B) On June 1, 1994, BFS, an affiliate substantially 
owned by the Company's Chairman, borrowed $3,350,000 in 
the form of Industrial Development Revenue Bonds 
("Bonds") to finance costs incurred in connection with 
the acquisition, renovation and equipping of the 
Company's new office space located at 26 Harbor Park 
Drive, Port Washington, New York (the "Facility" or the 
"Building") from the NCIDA.  These Bonds were 
subsequently purchased by a bank (the "Bank").  The 
aggregate cost incurred by BFS in conjunction with such 
acquisition, renovation and equipping was approximately 
$4,376,405.  In addition, the Company expended 
approximately $499,848 in connection with additional 
capital improvements. The Bonds bore interest at prime 
plus 3/4 of 1% until August 11, 1995, at which time the 
interest rate became fixed at 9% for a five-year term 
through September 1, 2000.  At that time, the interest 
rate will be adjusted (at the Company's option) to a 
rate of either prime plus 3/4 of 1%, or the applicable 
fixed rate if offered by the Bank. Commencing October 
1, 1995, principal, together with interest, is being 
repaid in equal monthly installments based on a 15 year 
amortization, with the balance of unpaid principal due 
September 1, 2005.
 
	C) On June 21, 1994 (as of June 1, 1994), the Company 
and its Chairman guaranteed the full and prompt payment 
of principal and interest of the Bonds and the Company 
granted the Bank a security interest and lien on all 
the assets of the Company. In connection with the 
issuance and sale of the Bonds, the Company entered 
into a lease agreement (the "Sublease") with BFS, 
whereby the Company leased the Facility for the conduct 
of its business and, in consideration therefor, was 
obligated to make lease payments that at least equal 
amounts due to satisfy the underlying Bond obligations.

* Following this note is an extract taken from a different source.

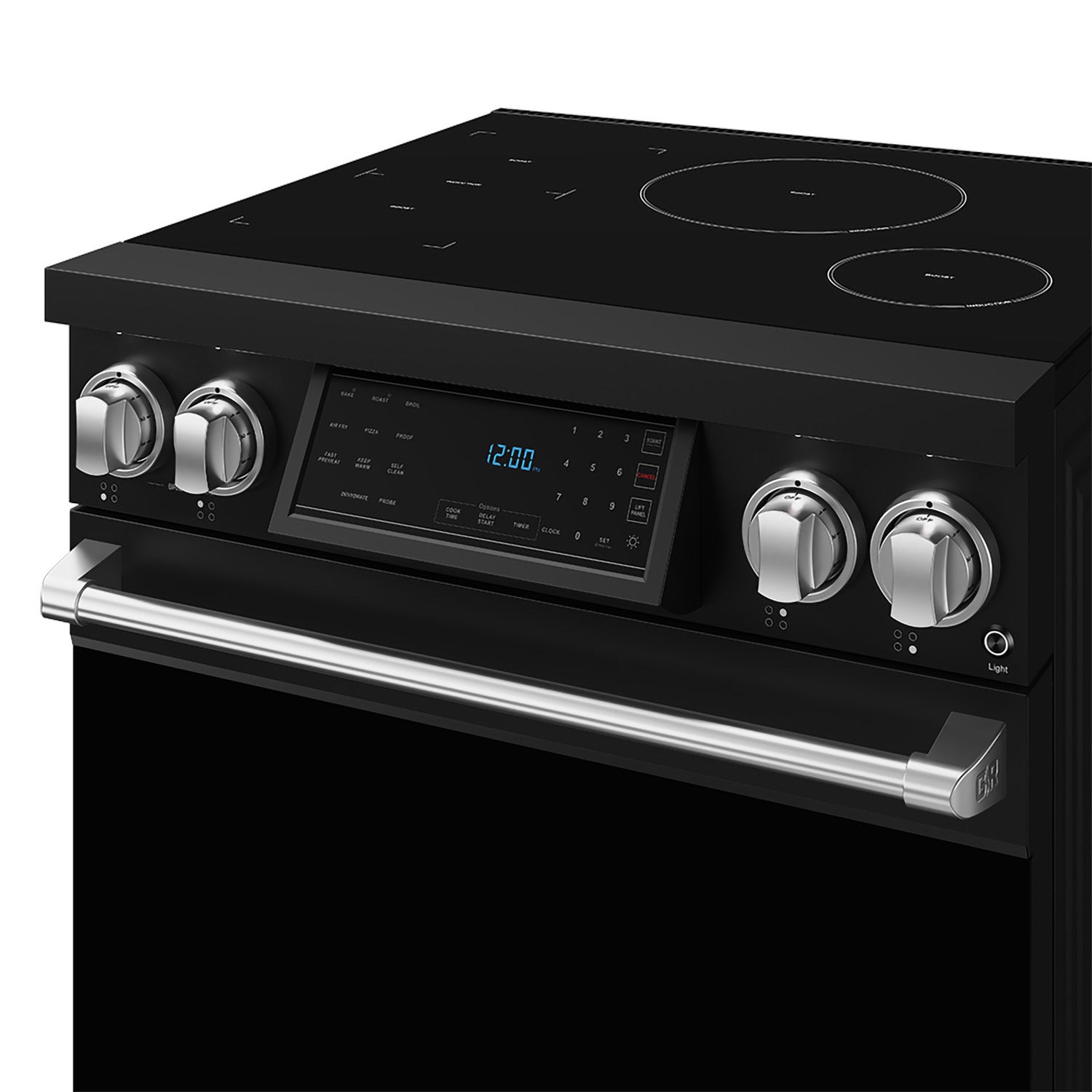 Thor Kitchen Gordon Ramsay Black Stainless Steel 30" Induction Range (4.8 cu ft)- RSI30B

	D) As of July 1, 1995, by an Assignment and Assumption 
and First Amendment to Lease between the Company and 
BFS, the Company became the beneficial owner of and 
leases the Facility from the NCIDA (collectively the 
"Assignment Transaction"). In connection with the 
Assignment Transaction, the Sublease was terminated. 
The Company currently pays rent for the Facility to the 
NCIDA in the amount of $48,600 per month, subject to 
adjustment based upon the then effective interest rate, 
among other things, for a term expiring in September, 
2005. The expiration of the lease term coincides with 
the maturity date of the existing Bond financing 
through the NCIDA. Upon the expiration of such term, 
the Company currently intends to exercise its rights to 
become record owner of the Facility. The Company's 
facilities are adequate for current purposes.  In 
connection with the Assignment Transaction, the Company 
assumed certain indebtedness owed by affiliates of the 
Company's Chairman as follows: (i) the $364,570 
remaining balance of a 48-month term loan bearing 
interest at 8.7% per annum, and (ii) the $428,570 
remaining balance of a 42-month term loan at 8.91%. 
Each of the foregoing loans were incurred in connection 
with the construction of improvements to the Building, 
are collateralized by the assets of the primary obligor 
and are guaranteed by the Company's Chairman.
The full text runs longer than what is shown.